» DATA FOR THE TASK:
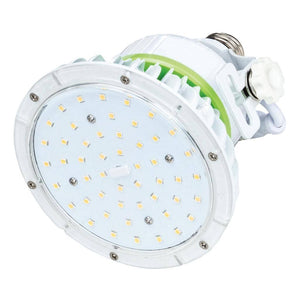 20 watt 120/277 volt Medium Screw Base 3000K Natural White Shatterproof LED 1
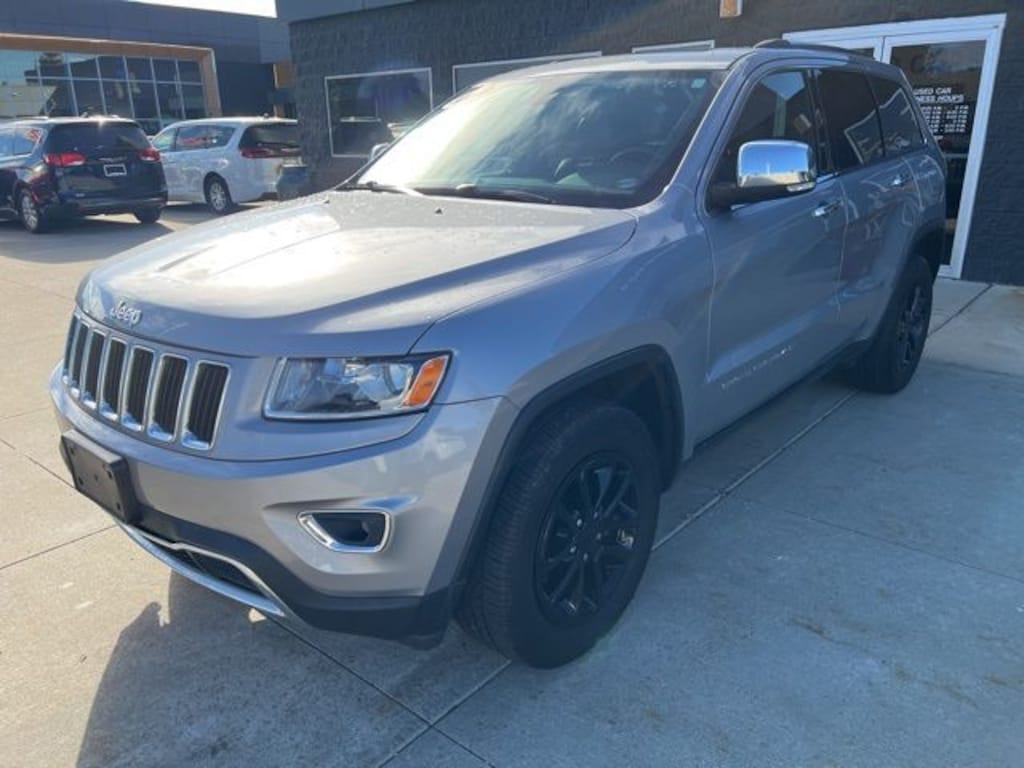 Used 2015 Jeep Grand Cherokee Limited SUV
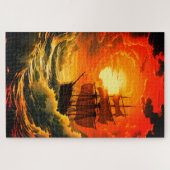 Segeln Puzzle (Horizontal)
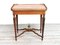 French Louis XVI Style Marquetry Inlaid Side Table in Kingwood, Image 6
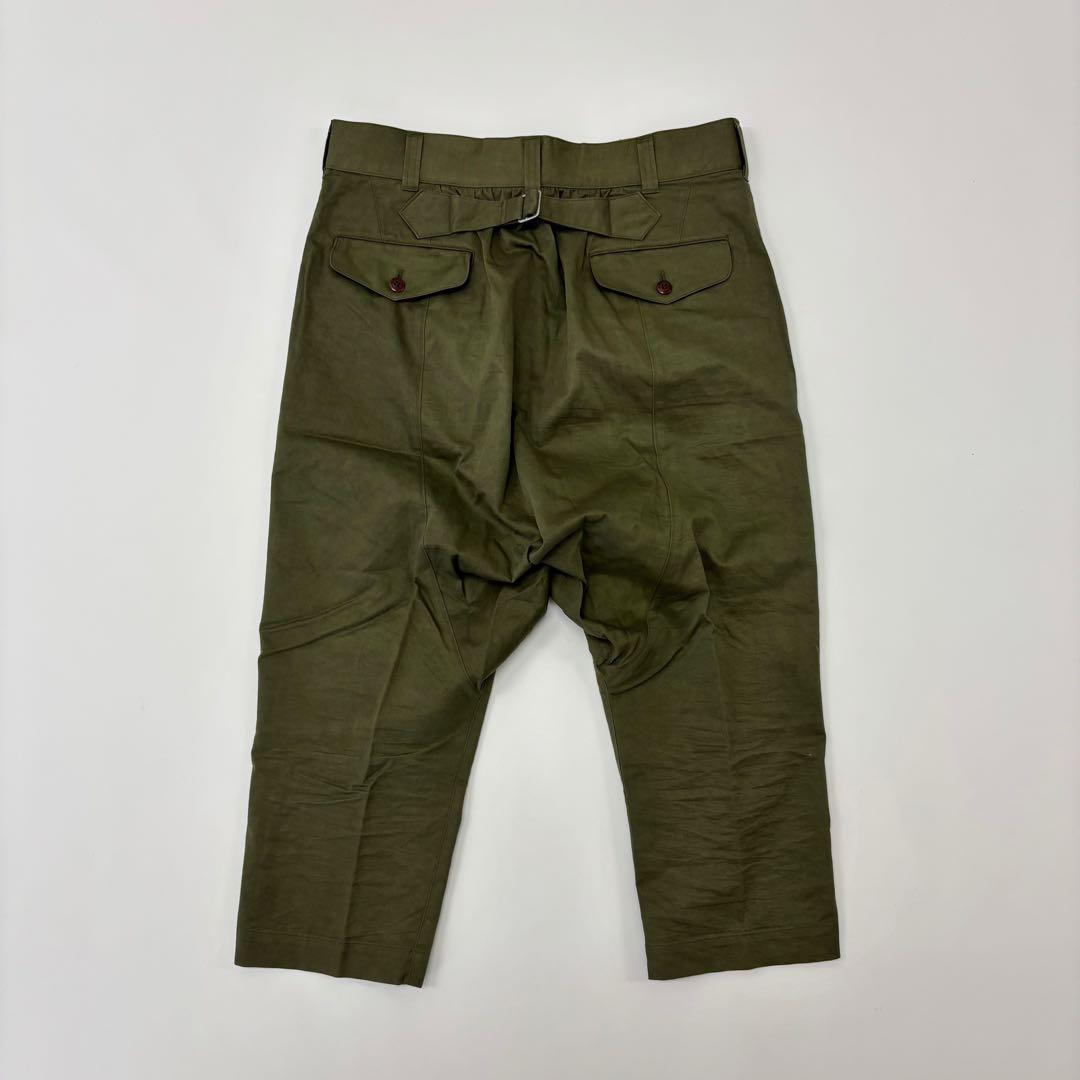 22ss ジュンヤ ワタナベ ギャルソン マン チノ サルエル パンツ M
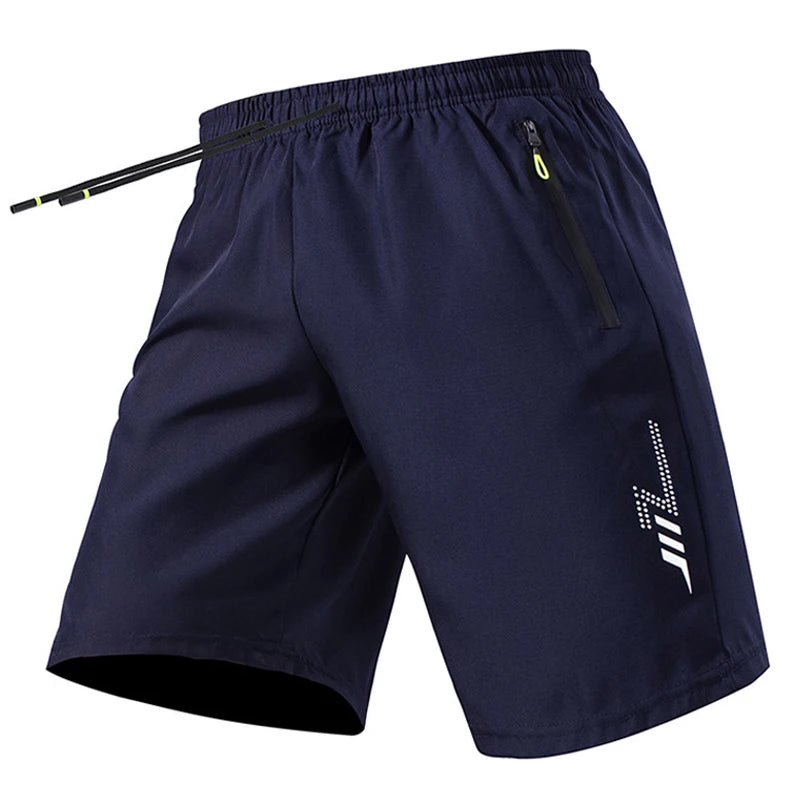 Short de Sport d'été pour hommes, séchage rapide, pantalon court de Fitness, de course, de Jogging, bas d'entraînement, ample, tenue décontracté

» TASK DESCRIPTION:
Reproduce, exactly and without pictures, the lines above from the one containing "22ss ジュンヤ ワタナベ ギャルソン マン チノ サルエル パンツ M" through the last line of the material, both ends included, and nothing more.

» RESPONSE:
 22ss ジュンヤ ワタナベ ギャルソン マン チノ サルエル パンツ M
 Short de Sport d'été pour hommes, séchage rapide, pantalon court de Fitness, de course, de Jogging, bas d'entraînement, ample, tenue décontracté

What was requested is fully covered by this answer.